Extracted records
+++
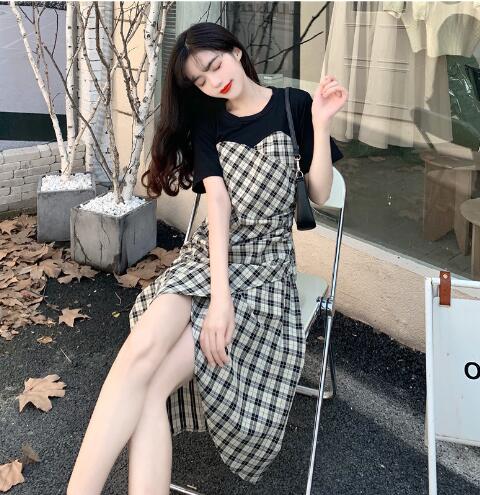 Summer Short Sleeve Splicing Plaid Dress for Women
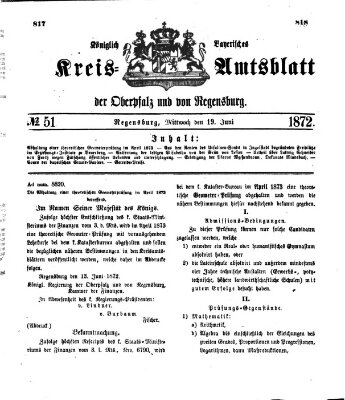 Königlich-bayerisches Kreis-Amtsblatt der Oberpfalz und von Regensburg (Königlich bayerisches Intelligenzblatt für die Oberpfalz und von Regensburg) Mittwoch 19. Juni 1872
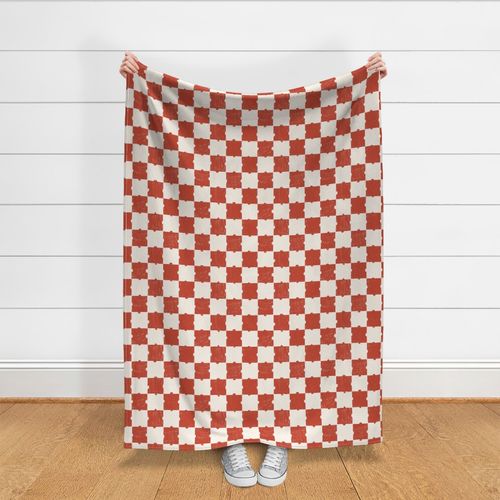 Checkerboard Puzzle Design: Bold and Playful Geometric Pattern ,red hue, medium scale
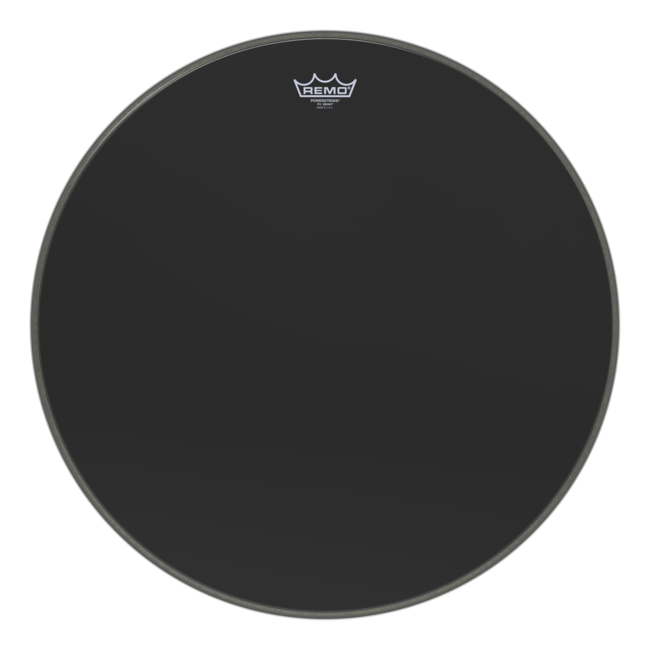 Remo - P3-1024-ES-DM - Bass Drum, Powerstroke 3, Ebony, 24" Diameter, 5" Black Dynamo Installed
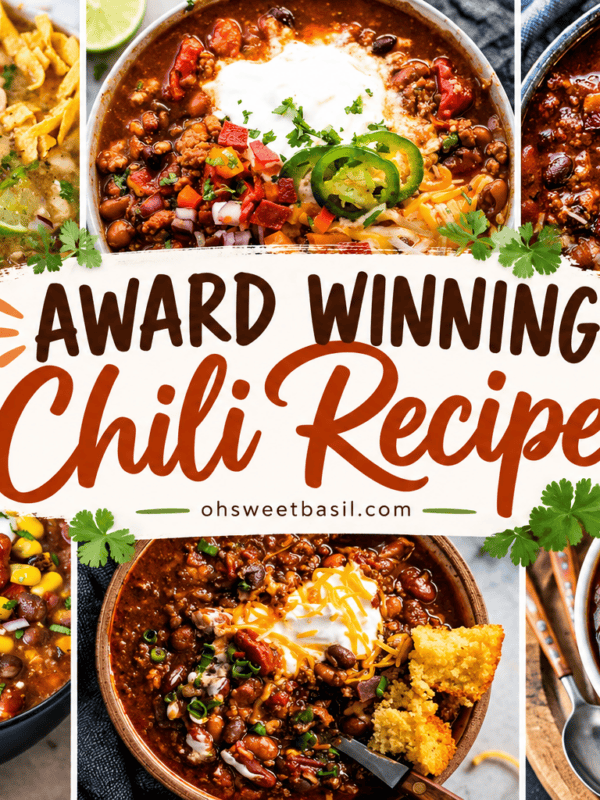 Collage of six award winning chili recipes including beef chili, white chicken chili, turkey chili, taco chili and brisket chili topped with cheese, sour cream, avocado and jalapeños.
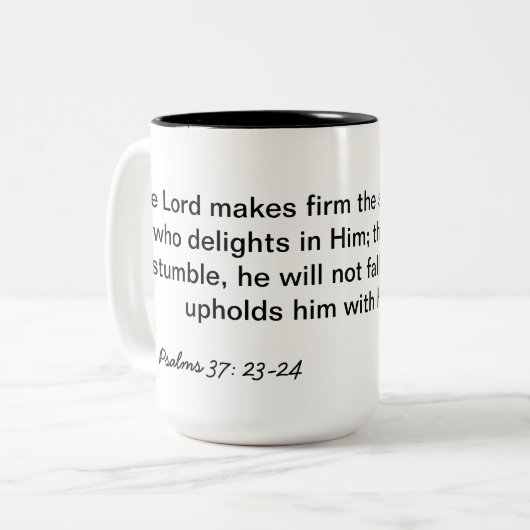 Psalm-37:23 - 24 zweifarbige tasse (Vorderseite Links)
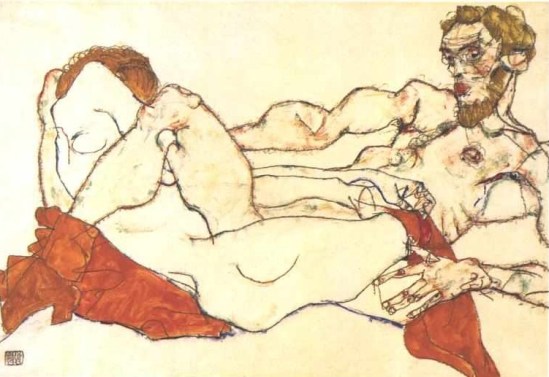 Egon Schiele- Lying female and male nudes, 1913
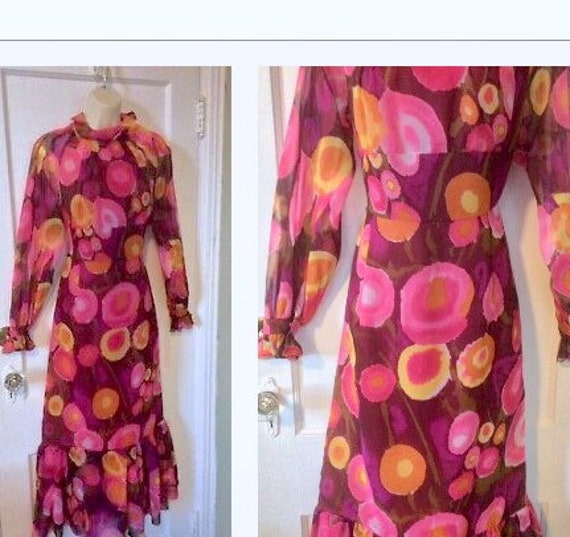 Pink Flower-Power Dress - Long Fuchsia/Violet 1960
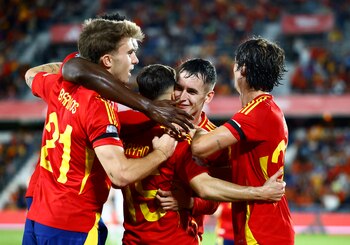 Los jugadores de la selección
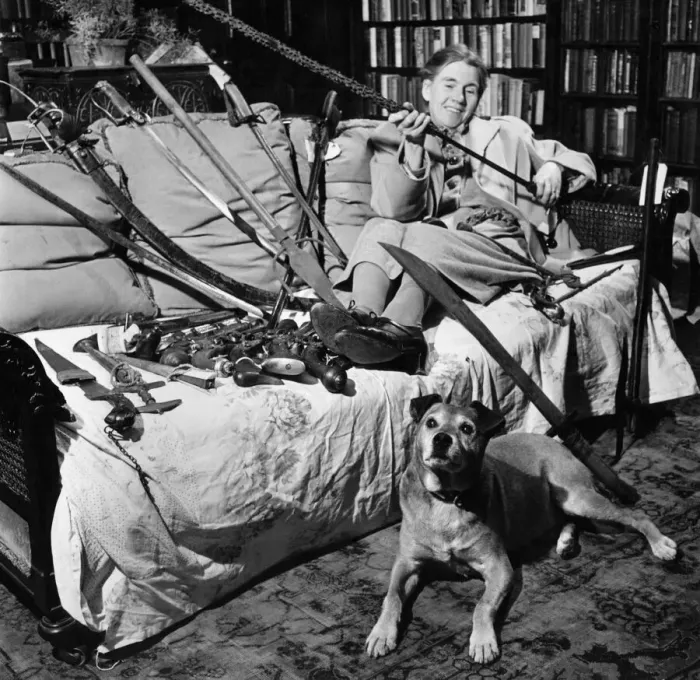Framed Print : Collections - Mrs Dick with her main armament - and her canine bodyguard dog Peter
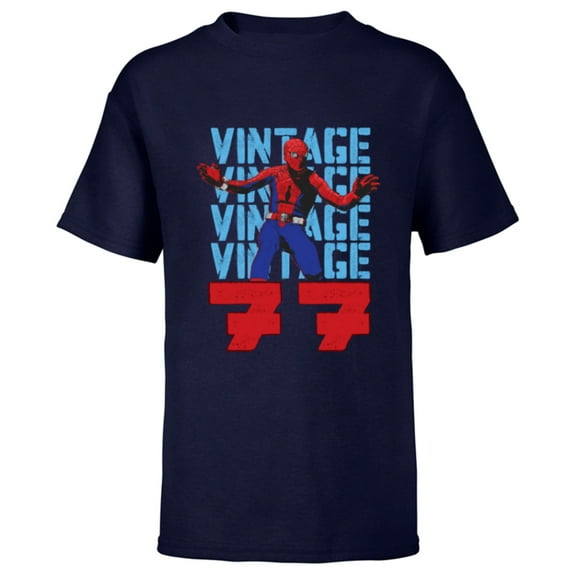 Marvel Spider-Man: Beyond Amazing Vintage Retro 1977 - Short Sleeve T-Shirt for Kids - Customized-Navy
+++
## What to work on:
Each line from the one containing "Pink Flower-Power Dress" through the last line of the data should be written out exactly. Skip the pictures, and add no other lines.

## Reply to the exercise:
 Pink Flower-Power Dress - Long Fuchsia/Violet 1960
 Los jugadores de la selección
Framed Print : Collections - Mrs Dick with her main armament - and her canine bodyguard dog Peter
 Marvel Spider-Man: Beyond Amazing Vintage Retro 1977 - Short Sleeve T-Shirt for Kids - Customized-Navy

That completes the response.